But children make economic sense in the Third World…In places with no welfare state, children are seen as walking pension policies; on farms, they are labourers. But even in the poor world, this is changing. This year urban-dwellers become the majority for the first time in history…..

As soon as people can afford to, they cut down on the number of children they have. This is why the UN’s low-fertility scenario predicts that, as globalisation continues and poverty is steadily conquered, humanity will peak at 7.75 billion in 2040. The decline soon accelerates: follow the demographic formula through the centuries and it points to the extinction of humanity in about ten millennia — having survived on the planet for far less time than the dinosaurs. Mankind may yet end up being a blip on the history of the planet, and Europeans a micro-blip. (my emphasis)

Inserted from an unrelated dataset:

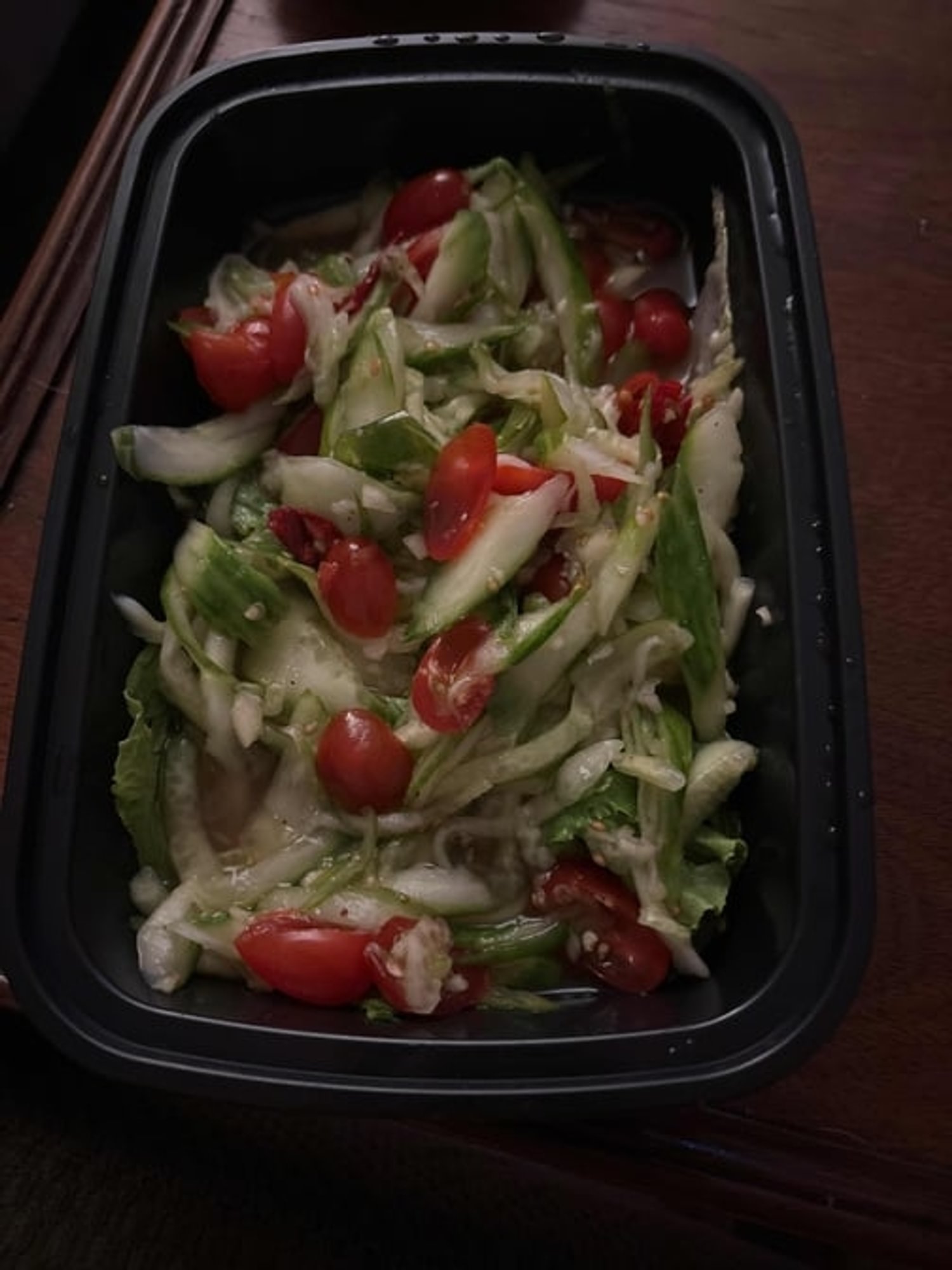 Spicy Cucumber Salad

….The public, meanwhile, has little reason for alarm even if the forecasts do come true. As long as the economy shrinks at a slower rate than the population, there will be enough wealth for those who remain, and Europe will grow old beautifully — safe in the knowledge that the rest of the world is not too far behind.

Read the full Sex and Society survey at www.yougov.com/archives/spectator

6 comments to Will most human populations -> zero?

  • Anonymous

    Is it the case that there are no efficiency grounds for intervening in fertility? A quick (half-awake) thin brings just one – if the supply of innovation is connected to size of the population (innovation as a random process) – even though I don’t find this hypothesis convincing. If anything congestion etc may decline (though there are probably not efficiency grounds for negative intervention a la Logans Run)? Though probably more than clucky about other peoples babies than the next person, am not sure this is grounds for intervention.

  • hc

    I think a lot of standard welfare economics goes out the window when considering population decline because, in many instances, scale economies are being lost. FIn reverse, the existence of population growth led to the existence of population agglomerations (cities) creating the basis for higher education, efficient water supply systems and so on.

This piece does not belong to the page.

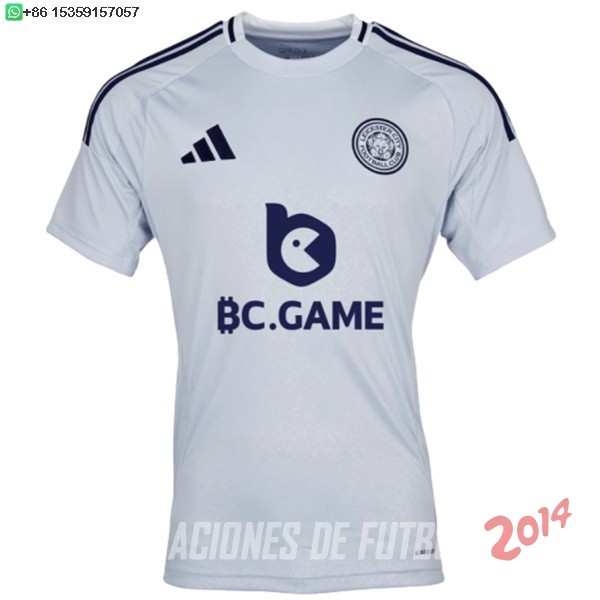 Tailandia Camiseta Del Leicester City Tercera 2024/2025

    There are strong distributional arguments for moving to a lower population gradually that relate to population aging effects.

    I assume you mean ‘Logan’s Run’ the movie – I’ll take a look at it.

  • Anonymous

    Thank you for your response, which was interesting – Logans Run (the movie, and tv series) is one a series of 70s science fiction dystopias (Soylent Green, Planet of the Apes, Westworld) – probably no better or worse than these – in some sense a mirror of Taxi Driver (and other collapsing New York films – though not as good as Taxi Driver it should be said) in their view.

  • hc

    Soylent Green is interesting. Its the first time I have seen reference to a FGreenhouse effect in the media. Good movie too.

  • Sam Ward

    Harry: isn’t it true that the decline in fertility goes hand in hand with the existence of a welfare state?

    In times gone past children were not only a blessing but also a retirement plan, in that the young were expected to care for their parents in their later years.

    This is still very much the case in developing countries with no welfare state to speak of, and these countries are still producing children.

    When the welfare state reaches it’s inevitable bankruptcy, I think it is reasonable to predict that children will once again be high on many peoples’ priority list.

  • hc

    That’s a good point Sam. Kids as a substitute for social security (or the other way around). Also capital markets as a substitute for kids.

    But these things are entrenched – they won’t go away unless the state goes bankrupt and, no, I don’t think it will. But you are right, if they did, kids would become important again.

    It would be interesting to test your theory by checking whether low fertility rates are correlated with low social security. Eventually, perhaps, watch this space.